4.5. Llama3.1-405b Model
Llama3.1-405b is an ultimate test of AI hardware performance and memory capacity with its 405B parameters.
| Accelerator | Scenario | Avg Total Result (Samples/s) | Result per Accelerator | Avg Accelerators |
|---|---|---|---|---|
| NVIDIA B200-SXM-180GB | Offline | 1613.16 | 201.65 | 8.0 |
| NVIDIA B200-SXM-180GB | Server | 1179.05 | 147.38 | 8.0 |
| NVIDIA GB200 | Offline | 6233.13 | 1558.28 | 31.2 |
| NVIDIA GB200 | Server | 4433.33 | 1108.33 | 31.2 |
| NVIDIA H100-SXM-80GB | Offline | 794.56 | 99.32 | 16.0 |
| NVIDIA H100-SXM-80GB | Server | 557.35 | 69.67 | 16.0 |
| NVIDIA H200-SXM-141GB | Offline | 610.17 | 76.27 | 8.8 |
| NVIDIA H200-SXM-141GB | Server | 319.86 | 39.98 | 8.8 |
| Virtualized NVIDIA H200-SXM | Offline | 547.26 | 68.41 | 8.0 |
| Virtualized NVIDIA H200-SXM | Server | 277.33 | 34.67 | 8.0 |
Offline Scenario:

Server Scenario:

Analysis Insights:
- GB200 Built for Giants: GB200 shows its power in handling ultra-large models through massive cluster scaling.
- Memory Bottlenecks: Interestingly, H200 showed lower per-accelerator performance here than H100, likely due to H100 tests using more GPUs for tensor parallelism while H200 used fewer, creating communication bottlenecks.

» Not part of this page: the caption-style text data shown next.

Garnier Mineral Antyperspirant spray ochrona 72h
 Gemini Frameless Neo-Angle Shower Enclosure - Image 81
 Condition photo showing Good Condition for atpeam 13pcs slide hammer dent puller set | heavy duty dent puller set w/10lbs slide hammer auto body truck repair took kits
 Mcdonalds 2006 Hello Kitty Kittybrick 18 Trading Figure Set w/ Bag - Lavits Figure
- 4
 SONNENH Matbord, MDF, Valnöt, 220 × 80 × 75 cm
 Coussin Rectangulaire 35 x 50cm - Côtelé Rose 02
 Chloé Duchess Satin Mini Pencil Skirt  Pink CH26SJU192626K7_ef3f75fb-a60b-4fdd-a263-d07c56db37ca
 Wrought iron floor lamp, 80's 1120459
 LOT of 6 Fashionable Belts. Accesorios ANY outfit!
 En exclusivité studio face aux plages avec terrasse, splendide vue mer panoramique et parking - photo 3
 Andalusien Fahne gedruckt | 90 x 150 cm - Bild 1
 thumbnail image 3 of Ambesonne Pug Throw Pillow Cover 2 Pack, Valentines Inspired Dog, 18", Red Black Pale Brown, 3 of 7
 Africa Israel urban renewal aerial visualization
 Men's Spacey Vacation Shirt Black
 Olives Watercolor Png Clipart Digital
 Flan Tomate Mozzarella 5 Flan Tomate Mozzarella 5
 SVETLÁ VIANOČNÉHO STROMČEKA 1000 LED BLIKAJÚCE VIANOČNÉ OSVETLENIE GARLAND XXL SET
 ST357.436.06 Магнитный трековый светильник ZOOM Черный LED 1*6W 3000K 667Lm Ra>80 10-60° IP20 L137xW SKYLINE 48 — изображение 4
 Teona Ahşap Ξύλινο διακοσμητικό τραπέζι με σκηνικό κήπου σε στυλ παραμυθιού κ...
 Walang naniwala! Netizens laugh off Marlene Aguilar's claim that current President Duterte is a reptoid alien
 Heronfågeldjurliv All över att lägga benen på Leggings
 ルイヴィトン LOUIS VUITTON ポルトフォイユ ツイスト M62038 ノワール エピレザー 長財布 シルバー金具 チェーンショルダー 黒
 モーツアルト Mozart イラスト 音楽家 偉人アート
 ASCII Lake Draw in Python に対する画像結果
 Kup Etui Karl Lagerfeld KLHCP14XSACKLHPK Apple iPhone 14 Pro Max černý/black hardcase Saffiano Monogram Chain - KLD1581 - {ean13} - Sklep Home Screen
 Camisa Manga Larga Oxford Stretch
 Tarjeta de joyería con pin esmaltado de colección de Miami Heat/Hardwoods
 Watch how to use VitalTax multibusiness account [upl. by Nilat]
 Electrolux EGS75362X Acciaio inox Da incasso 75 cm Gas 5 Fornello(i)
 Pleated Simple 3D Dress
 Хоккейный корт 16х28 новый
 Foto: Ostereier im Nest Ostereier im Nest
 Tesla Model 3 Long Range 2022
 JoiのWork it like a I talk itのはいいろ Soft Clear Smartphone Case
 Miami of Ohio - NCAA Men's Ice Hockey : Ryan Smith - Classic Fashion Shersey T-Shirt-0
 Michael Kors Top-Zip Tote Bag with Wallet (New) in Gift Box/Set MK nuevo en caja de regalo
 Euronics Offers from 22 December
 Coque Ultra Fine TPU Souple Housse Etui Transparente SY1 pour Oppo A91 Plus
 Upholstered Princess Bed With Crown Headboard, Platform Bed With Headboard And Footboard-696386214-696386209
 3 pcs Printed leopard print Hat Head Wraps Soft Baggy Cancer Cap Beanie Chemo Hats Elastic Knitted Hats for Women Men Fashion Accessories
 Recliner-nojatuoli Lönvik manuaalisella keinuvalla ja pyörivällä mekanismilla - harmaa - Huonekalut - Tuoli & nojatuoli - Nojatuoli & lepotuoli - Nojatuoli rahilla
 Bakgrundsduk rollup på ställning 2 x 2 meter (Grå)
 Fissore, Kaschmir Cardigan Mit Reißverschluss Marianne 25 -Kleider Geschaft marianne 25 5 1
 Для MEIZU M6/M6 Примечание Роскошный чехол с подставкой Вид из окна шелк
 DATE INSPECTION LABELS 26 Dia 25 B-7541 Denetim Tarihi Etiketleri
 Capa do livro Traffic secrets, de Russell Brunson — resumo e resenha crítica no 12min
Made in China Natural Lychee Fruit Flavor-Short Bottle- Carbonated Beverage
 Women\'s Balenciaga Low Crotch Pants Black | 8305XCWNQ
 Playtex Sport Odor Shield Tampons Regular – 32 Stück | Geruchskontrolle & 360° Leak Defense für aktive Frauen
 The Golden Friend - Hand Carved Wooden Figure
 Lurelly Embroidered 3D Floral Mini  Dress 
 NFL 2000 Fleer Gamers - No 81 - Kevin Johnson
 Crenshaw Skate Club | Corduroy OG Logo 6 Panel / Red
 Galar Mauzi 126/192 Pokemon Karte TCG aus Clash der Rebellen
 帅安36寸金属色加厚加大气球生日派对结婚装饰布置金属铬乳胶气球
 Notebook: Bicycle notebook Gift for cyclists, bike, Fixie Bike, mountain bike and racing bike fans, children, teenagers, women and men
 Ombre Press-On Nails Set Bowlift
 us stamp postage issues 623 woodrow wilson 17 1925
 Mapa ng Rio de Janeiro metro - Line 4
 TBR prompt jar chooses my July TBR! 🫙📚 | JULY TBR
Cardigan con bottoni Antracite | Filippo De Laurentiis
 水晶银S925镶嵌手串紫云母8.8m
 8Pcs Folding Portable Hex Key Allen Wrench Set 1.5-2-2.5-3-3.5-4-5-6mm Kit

- Blackwell Success: B200 yields a 2x generational leap over H100 for this ultra-large model.
5. Conclusion
- Generational evolution is the key driver: Blackwell (B200, GB200) sets a new benchmark for AI performance.
- The "Bucket Effect": Compute, Memory, and Interconnects:
- For large models, memory bandwidth is often the primary bottleneck.
- When models exceed single-node capacity, high-speed interconnects (NVLink) and topology become critical, as seen in GB200's results.
- Product Positioning: Data center flagships (B200, H200 SXM) are the choices for cutting-edge AI, while PCIe versions suit mid-scale tasks.
- Virtualization is Mature: GPU virtualization offers minimal overhead for AI inference deployment.
Choosing AI hardware is a multi-dimensional decision. This report aims to support those decisions with quantitative data from MLCommons benchmarks.